Think about your typical day. You’ll likely make hundreds of decisions as the day unfolds. A few of these choices will be big and the others small. Unless the choice to be made has heavy impacts, there’s a good chance you could go through your entire day without so much as giving things a second thought.
Your brain is programmed to automatically assess situations and make decisions as efficiently as possible. We don’t wrestle for hours on what shirt to wear to work (well, I’m sure some women probably do ) or how much toothpaste to put on our toothbrush. As humans, we are also very habitual in nature. We develop an ingrained set of patterns to which we customarily adhere.

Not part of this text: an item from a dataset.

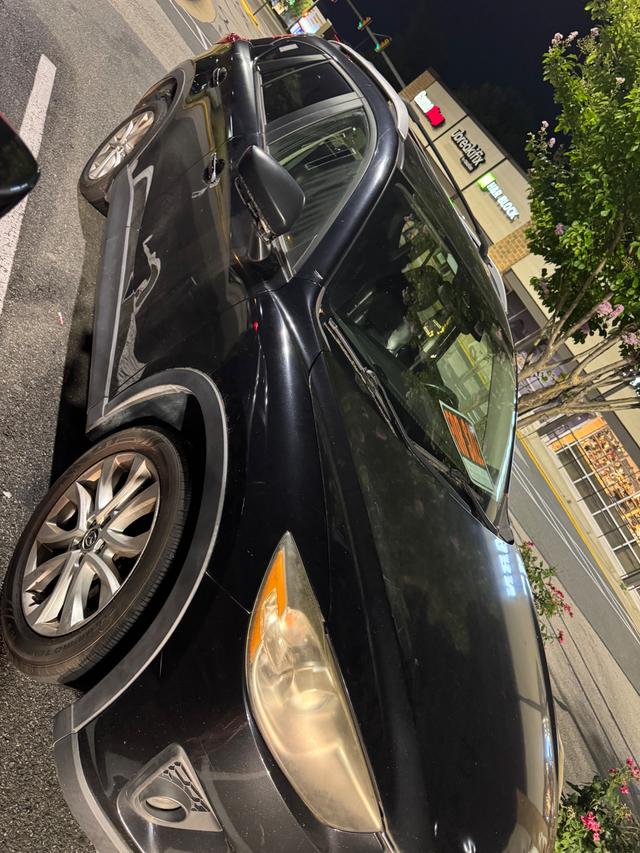 car_image_202x236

That’s not to say we are always on autopilot. Of course we consciously go back and forth in trying to evaluate options for certain scenarios. Really, our days are filled with both streamlined, instinctual actions and some instances where we apply additional pontification.
How you approach all of these decisions is called your mindset. It’s the basic foundation by which you make less-involved, quick decisions as well as the more deliberative drawn out ones. Your mindset makes you unique. Sure most of us will have similarities with others in some capacity. But your mindset is part of what makes you, you.

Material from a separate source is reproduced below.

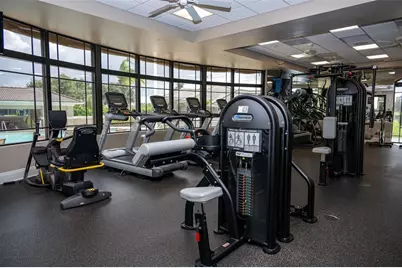 5300 Mahogany Run Avenue, Sarasota, FL 34241 - Photo 99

Let me ask you this question though: What are the consequences if your mindset doesn’t naturally take into consideration the financial impacts of your decisions? How damaging can it be if money is not an evaluation criterion you use? Do you even have a money mindset?

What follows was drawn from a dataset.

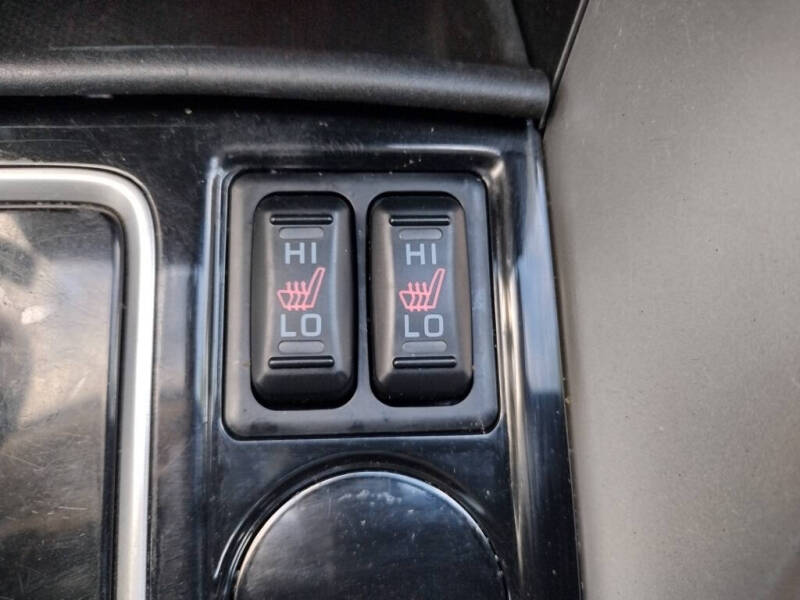 2020 Mitsubishi Eclipse Cross SE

My definition of a money mindset: For every action or decision you make, your mind processes and evaluates the financial ramifications.
The NON-Money Mindset in Action
Let me paint a picture of how someone who is lacking a money mindset might progress throughout a typical day:
- Wakes up late and rushes to get out the door. In doing so, skips breakfast. Instead, purchases a pricey (and unhealthy) breakfast on the way to work along with an expensive gourmet coffee – a daily ritual.
- Hears on the radio that favorite band is coming to town for a concert. Rushes to buy front row tickets online as soon as getting to desk at work.
- Pays for the concert tickets with debit card forgetting there are not enough funds in the checking account. Incurs a hefty non-sufficient funds (NSF) fee.
- Heads out to lunch and goes to trendy restaurant that has a high-priced menu.
- Needs to pick up a few things from the store after work and does so without any comparison shopping. Goes to the high end grocery store to get commodity items that could be purchased for less at the discount grocery store.
- On the drive home, sees a car that looks so sleek. Absolutely falls in love with the model and decides soon to purchase one. Makes plans to visit the auto dealership this weekend even though last car was purchased new less than 2 years ago and is not paid off yet.
While there are undoubtedly people like this out there, I’ll admit my example for someone not possessing a money mindset is a bit extreme. I’ve perhaps over-embellished to prove a point – you make decisions involving money multiple times every single day whether you realize it or not.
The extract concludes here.